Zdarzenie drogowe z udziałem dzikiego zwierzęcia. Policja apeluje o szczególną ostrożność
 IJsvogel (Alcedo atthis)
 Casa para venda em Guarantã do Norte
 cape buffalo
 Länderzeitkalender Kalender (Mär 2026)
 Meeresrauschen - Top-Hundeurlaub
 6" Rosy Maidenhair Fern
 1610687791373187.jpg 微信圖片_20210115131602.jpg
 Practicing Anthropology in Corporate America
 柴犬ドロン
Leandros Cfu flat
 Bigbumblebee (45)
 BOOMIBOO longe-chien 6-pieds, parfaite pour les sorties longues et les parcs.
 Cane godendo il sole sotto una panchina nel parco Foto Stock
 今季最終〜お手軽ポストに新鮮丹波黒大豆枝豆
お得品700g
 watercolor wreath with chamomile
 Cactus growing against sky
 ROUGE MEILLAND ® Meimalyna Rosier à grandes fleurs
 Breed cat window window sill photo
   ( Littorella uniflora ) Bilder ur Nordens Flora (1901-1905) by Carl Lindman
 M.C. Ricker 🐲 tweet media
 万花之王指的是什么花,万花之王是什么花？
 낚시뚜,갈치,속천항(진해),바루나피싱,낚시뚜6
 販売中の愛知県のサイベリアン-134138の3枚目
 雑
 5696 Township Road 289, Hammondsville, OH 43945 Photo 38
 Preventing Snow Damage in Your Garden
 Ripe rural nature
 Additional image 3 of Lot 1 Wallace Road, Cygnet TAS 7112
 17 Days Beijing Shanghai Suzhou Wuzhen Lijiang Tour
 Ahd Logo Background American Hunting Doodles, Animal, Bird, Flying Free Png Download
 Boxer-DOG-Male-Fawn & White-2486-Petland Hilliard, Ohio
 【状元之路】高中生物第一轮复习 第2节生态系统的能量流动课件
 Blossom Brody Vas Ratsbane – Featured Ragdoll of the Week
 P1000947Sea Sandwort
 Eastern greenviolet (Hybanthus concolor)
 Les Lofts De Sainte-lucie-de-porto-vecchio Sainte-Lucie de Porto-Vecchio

TASK BRIEF: Across the entries above, find the lines with the string "Road" and copy them.

THE ANSWER:
 5696 Township Road 289, Hammondsville, OH 43945 Photo 38
 Additional image 3 of Lot 1 Wallace Road, Cygnet TAS 7112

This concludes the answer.